Storing and exchanging data are playing a huge role in our life nowadays. As volume of information goes up, the need for more effective ways to operate it increases. One of the most effective ways of storing information is known as "Tree structure". Tree structures arrange information in a hierarchical order. This structure easily allows you to create, edit, enumerate, and move data. The most popular way of operating tree-like structured data is Extensible Markup Language (XML). It is now widely used to store and exchange big amounts of information on the Web.
With global increasing of amounts of data the use of XML is undertaking a huge leap. Its low requirements and flexibility determine its prevalence. However, complicated structure of a document and inflating of the information it stores cause the need for refining the ways of retrieving data. Indexing of XML documents can provide significant performance boost for querying information. In this research I briefly describe two approaches of indexing of XML documents and analyze the results of their work.

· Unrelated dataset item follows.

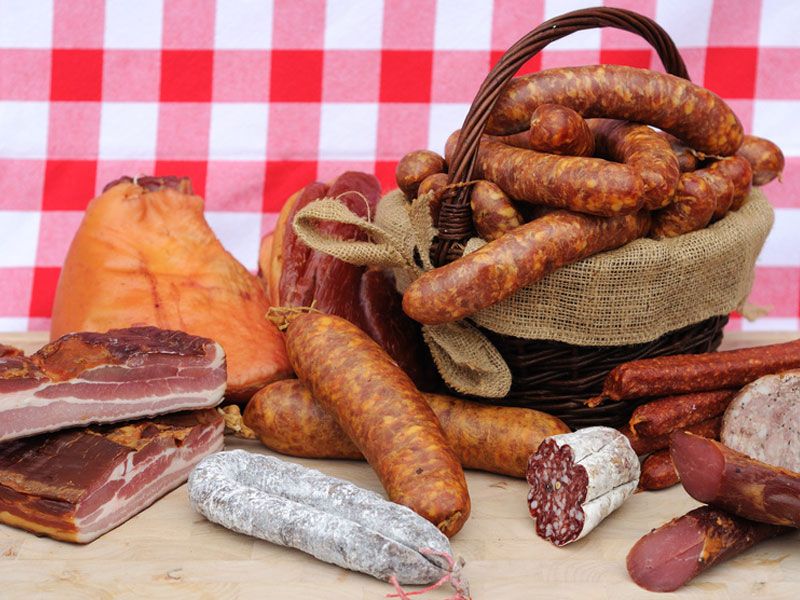 Une consommation excessive de viande pourrait nuire à votre santé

XML Document consists of hierarchical ordered elements, which can be displayed as a labeled tree. Each element can be reached through a certain path. If we attach to each element its appropriate label we will be able to build label paths through the tree. If the label paths of two elements are the same then we can consider these elements equivalent. Path summary is a tree on which every node represents one label path. Paths summary helps evaluate single path queries, but it does not keep the information about hierarchical relationships of individual elements. This was a reason for proposing an index structure which also provides detailed element-level connections, which is called a Compact Tree Structure (Ctree).

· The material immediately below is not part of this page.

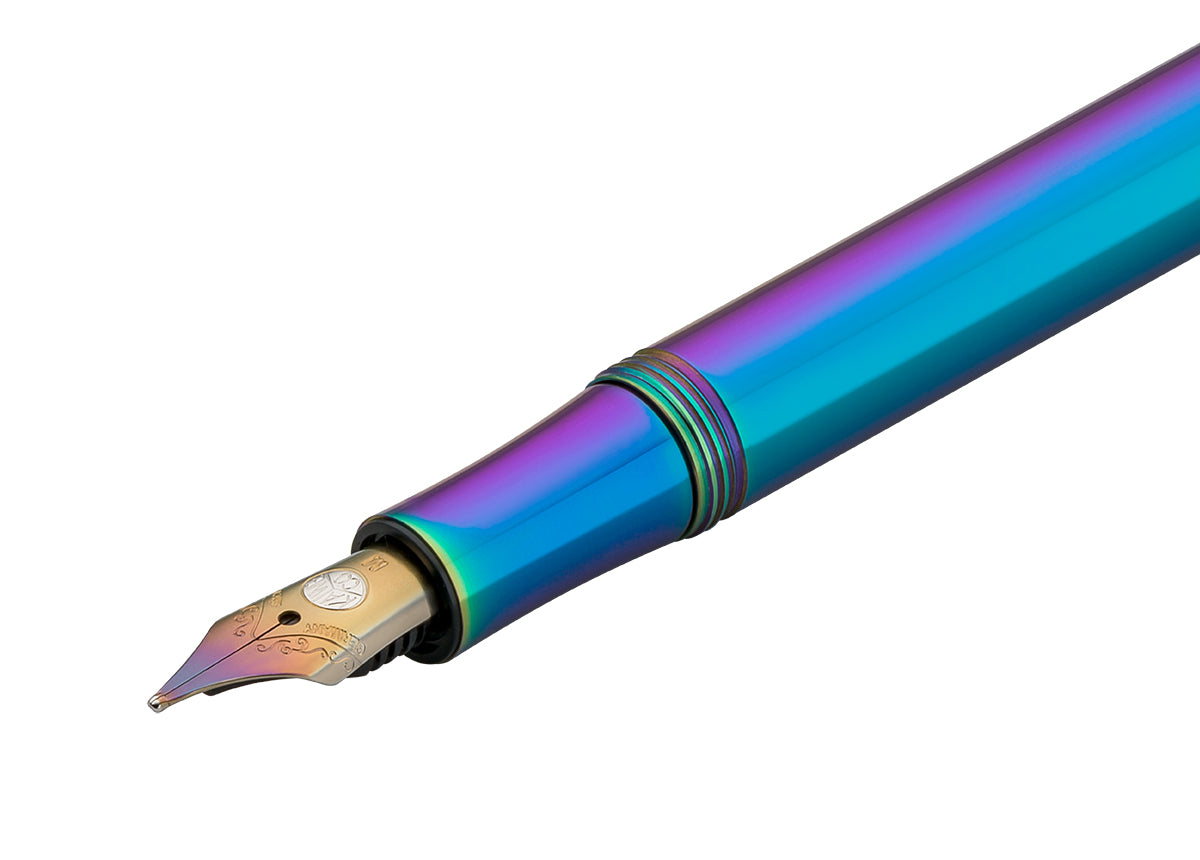 Liliput Kolibri Collection Fountain Pen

Ctree is a tree on which every node contains an array of elements describing relationships of the elements. It provides a summarized view of hierarchical structures at the group level and detailed information at the element level.
Ctree index data can be modeled in relational tables and be implemented in relational database. It is also possible to transform it into XML database or store it in disk files for fast access.
For storing Ctree structure index can be used into four tables: Elements, Groups, CtreeDB, and ElmPosLen.The first table stores the mappings from elements to their parents. The next one stores the group information and the label path. The Ctree table describes the main features of Ctree. As for the ElmPosLen table, it has the information about the position and length of each element.
Since XML has different data types, Ctree proposes five types of value indexes. The number of data types can be extended, if required. All five indexes support a search operation search(value, gid?) where value and gid represent spicific value and a certain group. This operator returns a list of absolute elements, if the gid is not specified, or relative elements, if it is. For Ctree-based query processing, in order to eliminate irrelevant groups by group-level structure mapping, gid is determined and then value predicates are evaluated. Therefore, the returned results and the I/O cost are reduced.
These are the advantages of Ctree-based query processing algorithm:
- Locating frames at the group level cuts a big number of irrelevant groups at an early stage;
- Evaluating a value predicate based on a group significantly reduces the possible matches and improves the efficiency of combining the matches for value predicates and structure constraints.
- Using an array for fast mapping elements to their parents helps evaluate constraints of element-level structure. Fast access to elements' parents is extremely important for efficient XML query processing because of the tree nature of XML data and queries are rooted on sharing common parents.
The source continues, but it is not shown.